En plena crisis por el desabastecimiento de combustibles, la Agencia Nacional de Hidrocarburos (ANH) bloqueó más de 4.000 vehículos en todo el país tras detectar carguíos repetitivos de gasolina y diésel. Así lo informó este jueves el director ejecutivo de la entidad reguladora, Germán Jiménez.
“La anterior semana hemos bloqueado más de 4.000 vehículos correspondiente al tema de repetitividad”, señaló Jiménez en contacto con periodistas, al destacar los esfuerzos para frenar el desvío y posible contrabando de carburantes subsidiados.
El funcionario también confirmó que al menos seis estaciones de servicio fueron precintadas por irregularidades en los registros de venta, mientras que otras están bajo investigación. La ANH ha desplegado dispositivos especiales —denominados "pistolas de control— para verificar el historial de abastecimiento por placa en tiempo real.
“La ANH realiza, a través de la central de compra, investigaciones las cuales determinan si hubo alguna adulteración en los datos. Inmediatamente remitimos los casos a la Fiscalía para su investigación”, explicó Jiménez.

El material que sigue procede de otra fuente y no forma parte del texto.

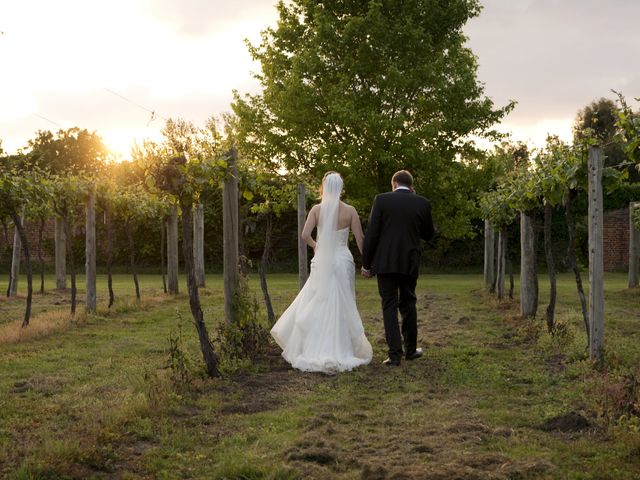 Groom and Bride&apos;s Wedding in Twyford, Berkshire 32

La medida se da en un contexto complejo: las largas filas en surtidores persisten en ciudades como La Paz, Cochabamba y Santa Cruz, debido a una oferta insuficiente de combustibles que no logra cubrir la demanda interna. A esto se suma una logística deficiente y demoras en las importaciones, según reconocen sectores del transporte.
Aunque el Gobierno atribuye parte del problema al desvío ilegal de carburantes, la falta de inversiones en exploración, la baja producción nacional y la falta de dólares están en el centro del debate sobre la sostenibilidad del modelo de subvenciones.